My calibration goes as far as pressing the AUTO button on my TFT panel, and adjusting brightness and contrast so my eyes don't hurt, but th panel isn't too dark.
I'll have to try out proper calibration at some point.

Samsng may say it doesn't support MagicTune on this panel or that (heck, mine isn't officially supported in some versions... I have to pretend it's the 910 or 912N models for it to work), but Samsung wouldn't drop support for any of their panels just like that.
Glad you like your TFT, and there's another CRT to TFT convert heh
See? They're not THAT bad!


----------



## s1rrah (May 22, 2007)

ADV4NCED said:


> Thanks for your post!
> 
> I'm hopefully receiving my 226BW today so I too will test MagicTune and hopefully get good results!
> 
> ...



I got one of the "S" panels ...

Just picked it up randomly from my local circuit city ... what are the reported and supposed benefits of the "S" panel?


----------



## Chewy (May 22, 2007)

S panel is made by samsung.. the A or whatever is made by the largest lcd manufacturer in the world... "supposedly" the S panel is a little better... miner is S panel and its perfect! no dead pixels no bad backlight bleeding... I just wished I could adjust it a little better and now I can


----------



## bruins004 (May 22, 2007)

Nice review.
There is only one downside to all 22" monitors and that is all of them are TN panels.


----------



## s1rrah (May 23, 2007)

Chewy said:


> S panel is made by samsung.. the A or whatever is made by the largest lcd manufacturer in the world... "supposedly" the S panel is a little better... miner is S panel and its perfect! no dead pixels no bad backlight bleeding... I just wished I could adjust it a little better and now I can



Well, technically, you can do anything with the monitor menu buttons that you can with MagicTune (except the calibration routine) ...

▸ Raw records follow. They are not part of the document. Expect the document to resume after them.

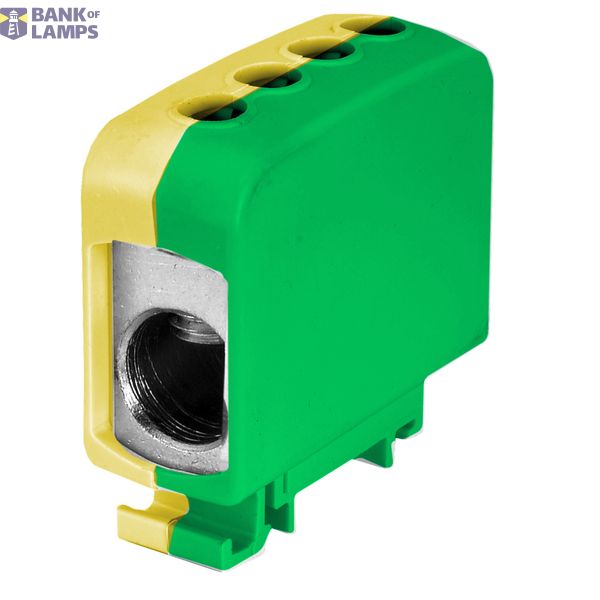 AL/CU universal rail-mounted terminal block ZGG1x35...95z-g yellow-green image 1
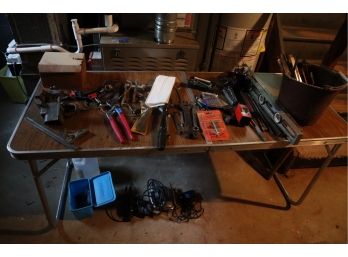 Tools & Folding Table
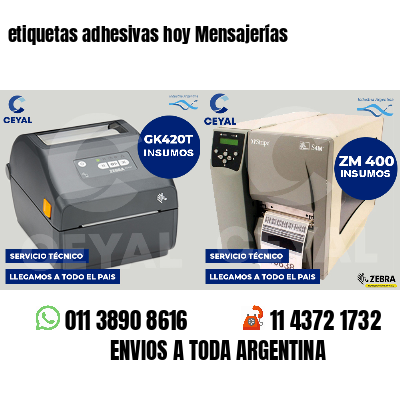 etiquetas adhesivas hoy Mensajerías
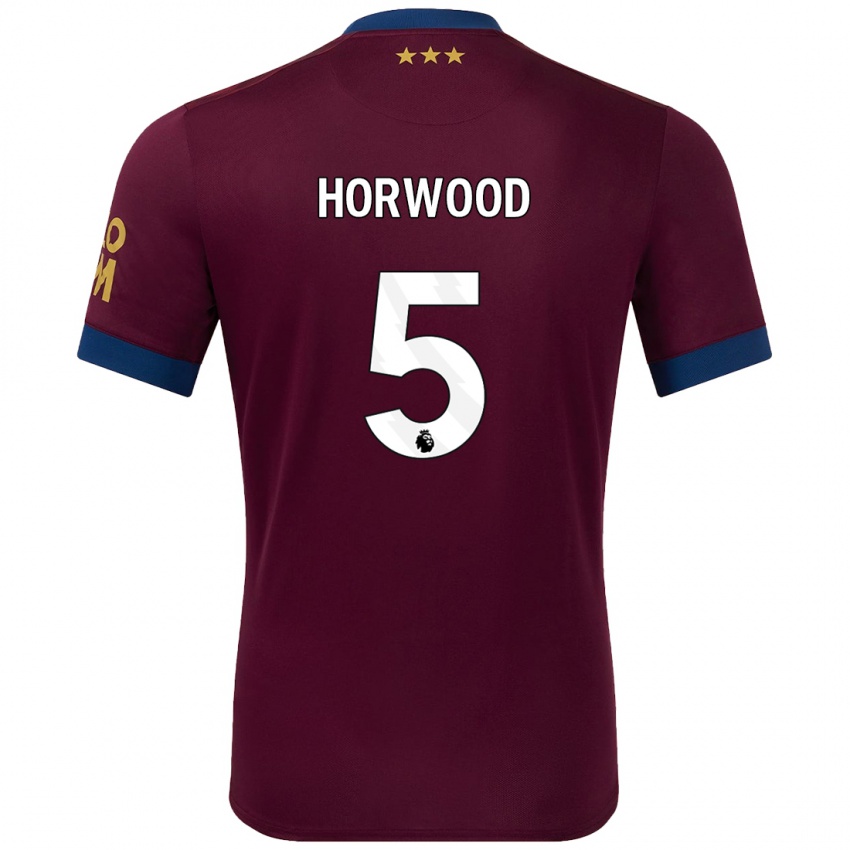 Herren Bonnie Horwood #5 Braun Auswärtstrikot Trikot 2024/25 T-Shirt Schweiz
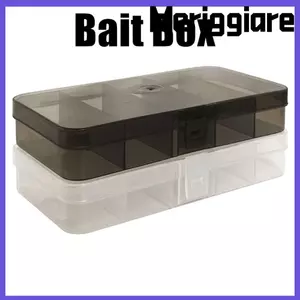 Hộp đựng bánh răng câu cá MERIGGIARE Luya, Hộp mồi 5 lưới có thể treo được, Hộp đựng mồi cá bằng nhựa trong suốt di động Câu cá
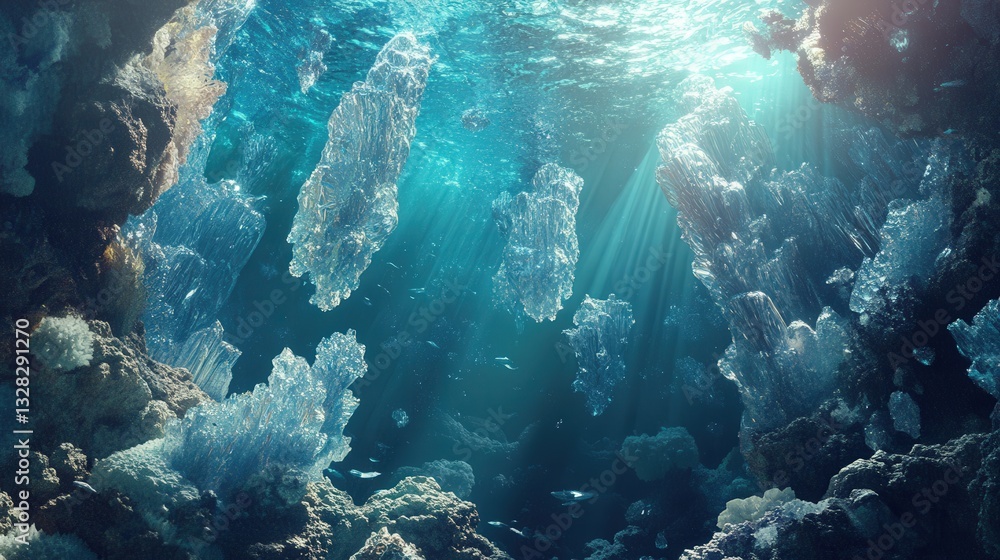 world where the oceans are made of liquid minerals. world where the oceans are made of liquid minerals.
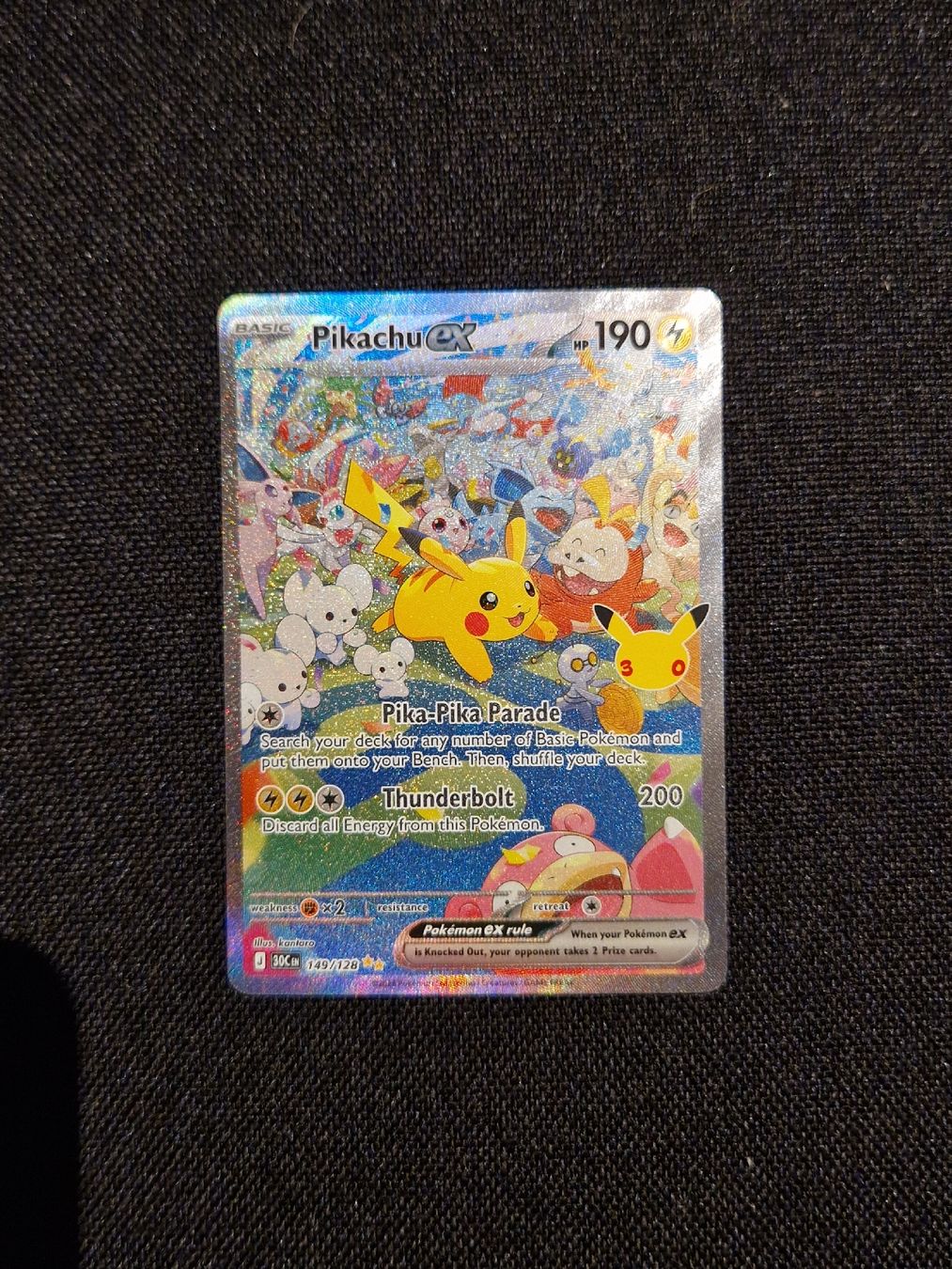Pokémon Carte collezionabili: Pikachu ex 30th eng – Nuovo (secondo la descrizione) da Giubiasco venduto da MrGru1992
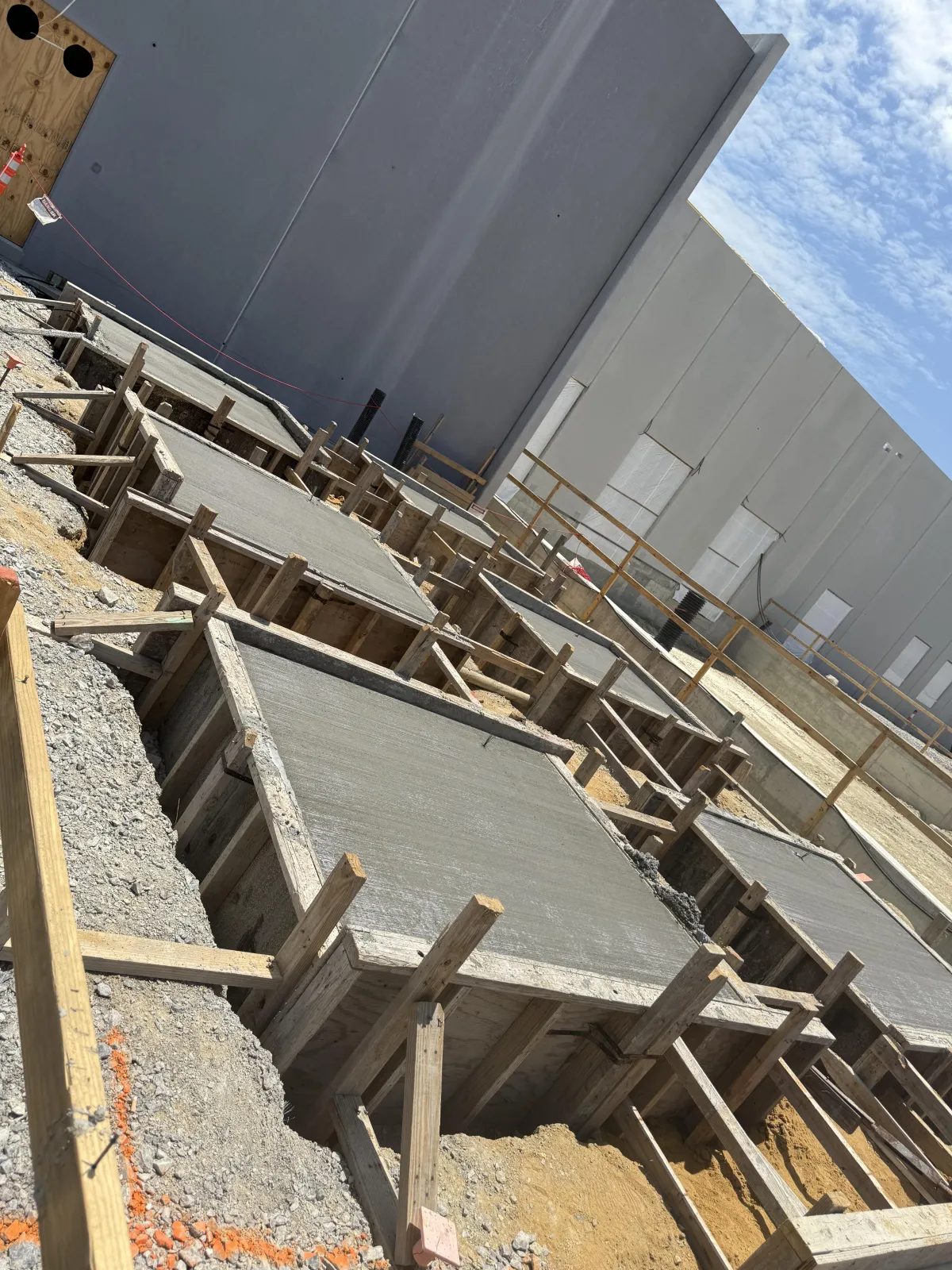 Concrete footings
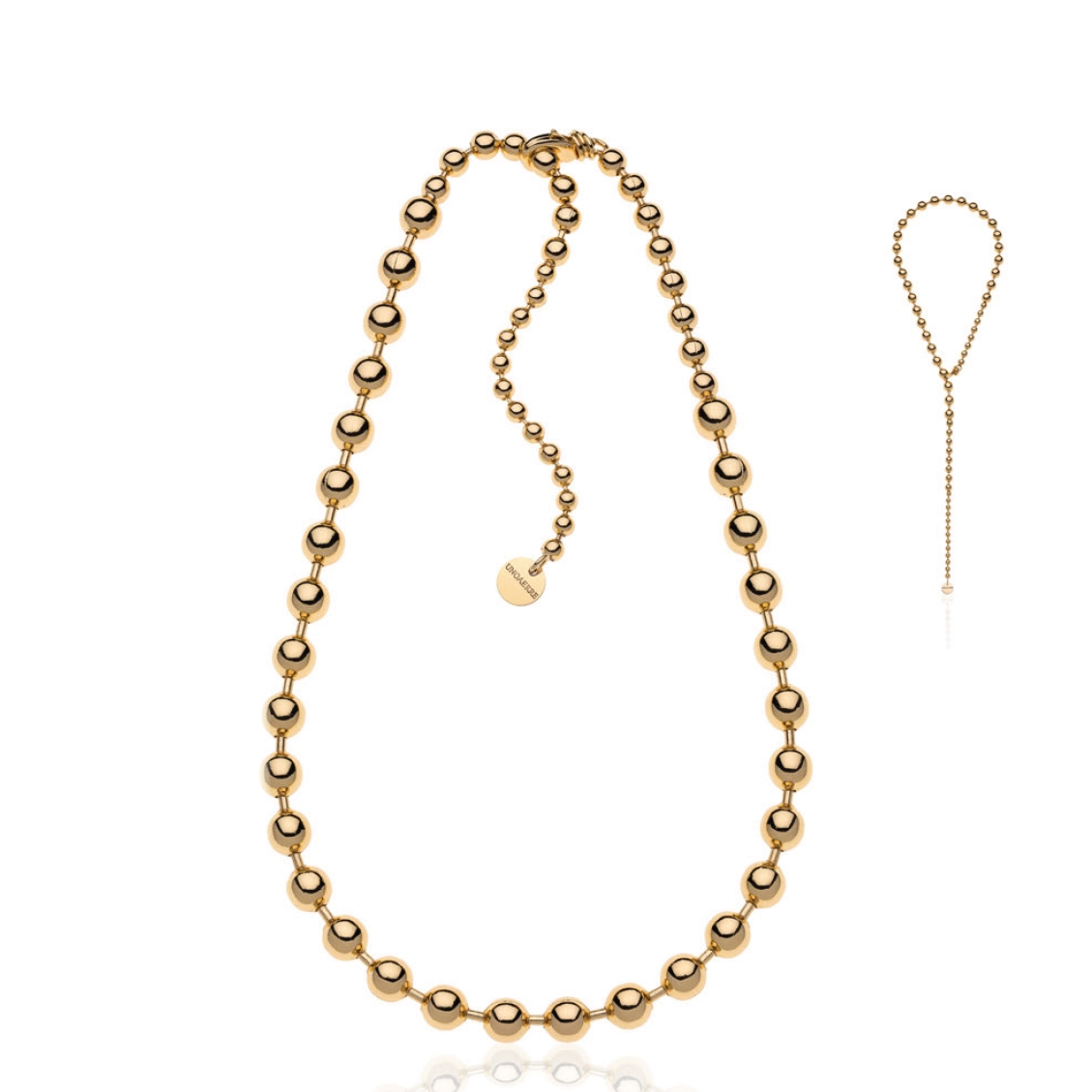 UNOAERRE - Collana in Bronzo Gialla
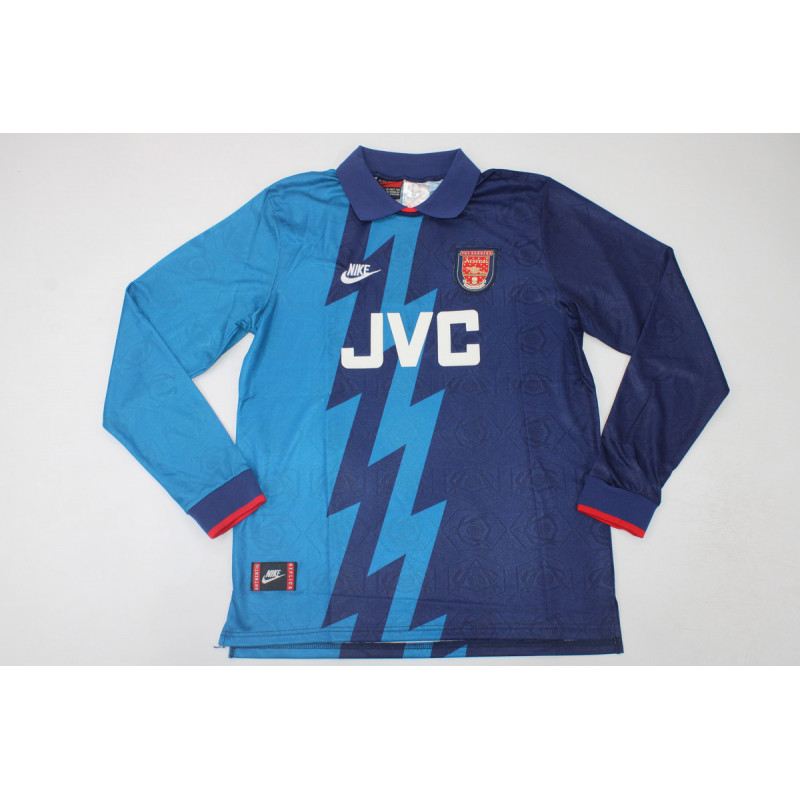 Arsenal Retro Manga Larga Visitante 95-96 Arsenal Retro Manga Larga Visitante 95-96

But alone and not even considering the calibration routine ... just being able to do it all with a mouse is so so much better.

...

One thing: sometimes when starting your computer and as XP/system loads, you may get a message from MagicTune saying it's incompatible with your system; if this happens just reboot and it should be cleared up.

It's only happened to me two times ...

Glad to help, otherwise.


----------



## Chewy (May 23, 2007)

have you used the calibration routine? if so how did you find it. I never hit it yet just in case lol. 

I never really fully explored the menu button options, it seemed like to much (that I didnt unberstand/read about yet). I find magic tune lays everything out better.


----------



## s1rrah (May 23, 2007)

Chewy said:


> have you used the calibration routine? if so how did you find it. I never hit it yet just in case lol.
> 
> I never really fully explored the menu button options, it seemed like to much (that I didnt unberstand/read about yet). I find magic tune lays everything out better.



Read through my original post more carefully; there's a section dealing specifically with the Calibration routine.

It's under the "Color" tab ...


----------



## Chewy (May 23, 2007)

was that there b4? lol I totally missed it!


----------



## s1rrah (May 23, 2007)

Just got off the phone with Samsung monitor tech and he says MagicTune is perfectly compatible with the 226BW and that it was withheld by Samsung for marketing reasons only.

His words: "Hell, we use it here with our 226BW's every day!"

Anyway ... just thought I'd add that.

Also interesting, the software was originally designed for a Samsung monitor which had *no* external menu buttons on the monitor at all ...


----------



## Ripper3 (May 23, 2007)

s1rrah said:


> Also interesting, the software was originally designed for a Samsung monitor which had *no* external menu buttons on the monitor at all ...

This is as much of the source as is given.